California is on the brink of another massive fight over taxes, and the “mansion tax” levied on Los Angeles’ high-value properties is about to become the unlikely—and controversial—face of a sweeping statewide campaign. In 2022, Los Angeles voters backed Measure ULA, which slapped a hefty new fee on the sale of million-dollar real estate. Since then, the measure has been relentlessly debated. Supporters call it a lifeline that has already raised some $830 million for the city’s unhoused and housing insecure population. But critics have branded it an “economic own-goal” that has drastically choked off apartment construction in a city already suffering from an excruciating housing shortage.
That local debate is now exploding onto the state stage. The Howard Jarvis Taxpayers Association, a powerful low-tax advocacy group, is currently gathering signatures for a proposed constitutional amendment on California’s November 2026 ballot. Their central pitch is simple and highly effective: no more Measure ULAs. The association and its political allies are happy to make the controversial Los Angeles tax the primary symbol of their campaign to cap taxes statewide. The stakes are enormous: if the measure succeeds, municipal governments across the state stand to lose billions of dollars in vital funding.
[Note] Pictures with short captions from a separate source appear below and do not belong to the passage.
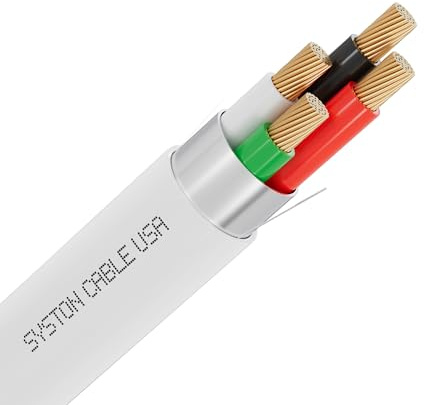 SYSTON 18/4 Fire Security Burglar Station Sound Alarm Control Cable Wire, Plenum-Rated CMP/CL3P Shielded 100% Copper Stranded UL/ETL,UV Resistant RoHS for Indoor/Outdoor Low Voltage Applications Use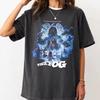 Spooky Blue Ghost Figure Poster Graphic T Shirt Gothic Horror Style Oversized Short Sleeve Unisex Tops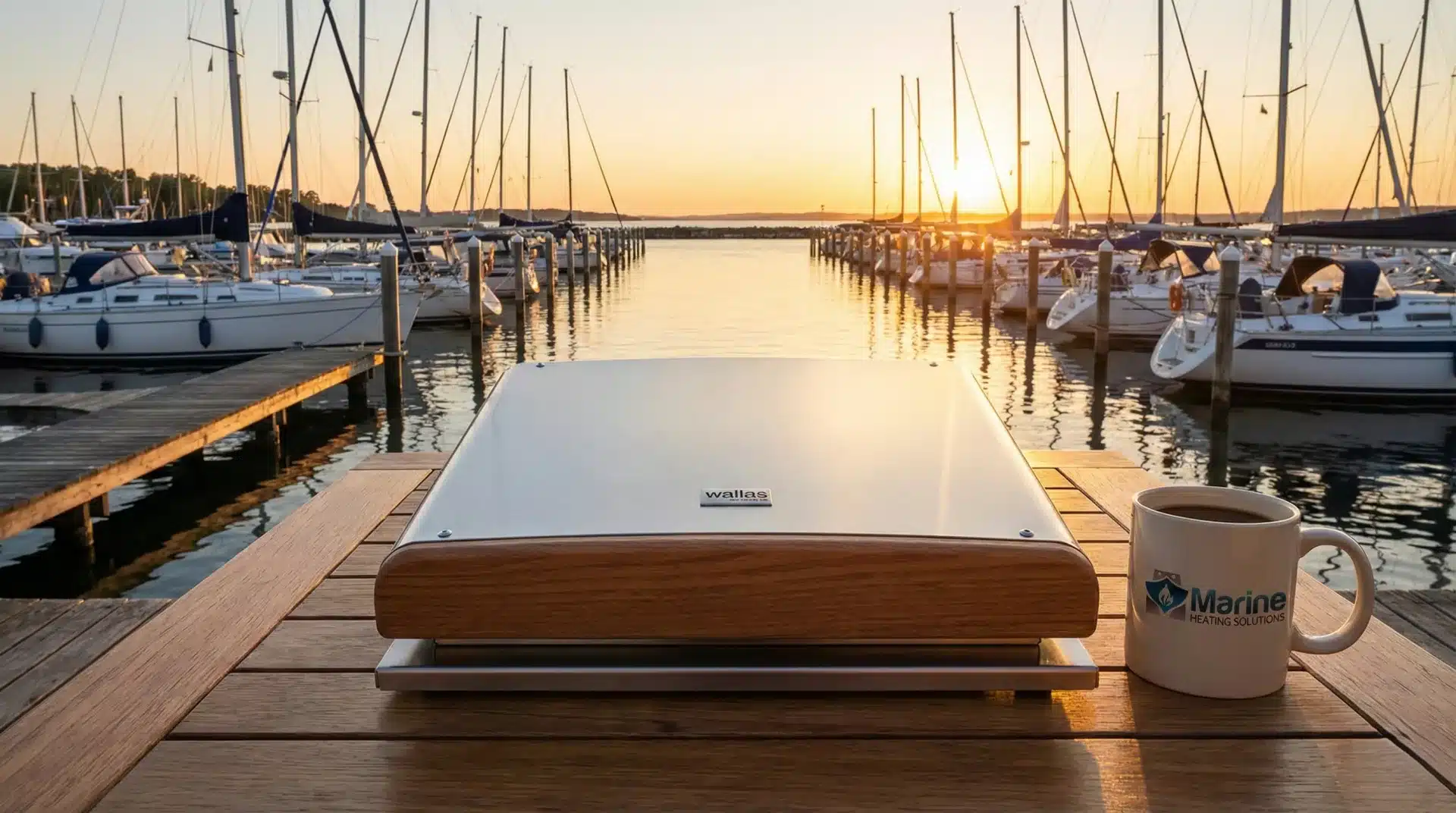 Wallas 220D Blower Lid heater accessory for diesel hobs, shown on a boat in a marina at sunset with Marine Heating Solutions branding.
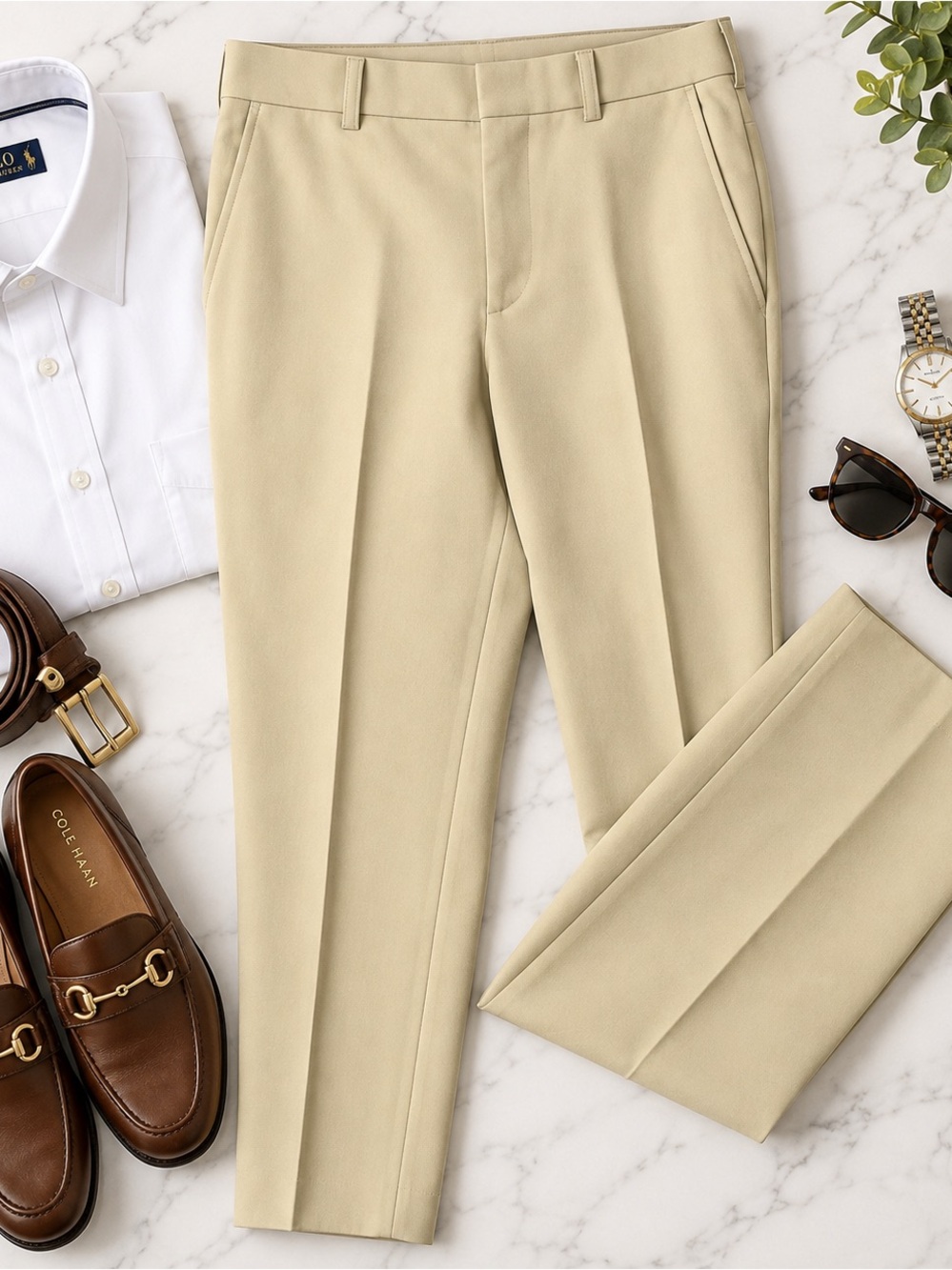 Vintage Haggar Imperial Men’s Cream Dress Pants Flat Front Trousers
How the Anti-Tax Measure Aims to Crush Local Revenue
The proposed constitutional amendment takes a direct, two-pronged approach to dismantle local revenue streams:
- Transfer Taxes Capped: The measure would cap rates on the sale of real estate at a little more than one-twentieth of one percent of the property’s value. This is a massive cut; Los Angeles’ highest rate is currently one hundred-times higher.
- Voter Threshold Raised: It also targets local tax measures put on the ballot by citizen-backed campaigns that are earmarked for a particular purpose. The tax-capping proposal would raise the electoral support needed to pass these types of “special” tax measures to two-thirds, up from a simple majority of more than 50%.
Measure ULA happens to be both of these: it is a transfer tax hike that was put on the ballot by voters and passed with 58% of the vote in Los Angeles.
Rob Lapsely, president of the California Business Roundtable, confirmed the strategic timing, saying: “Putting a lid on both citizen-initiated tax measures and high transfer taxes ‘is something that we have always had as a priority,’”. He added, “‘And then suddenly, along came Measure ULA.'”.
The Mansion Tax Debate: Lifeline vs. Economic ‘Own-Goal’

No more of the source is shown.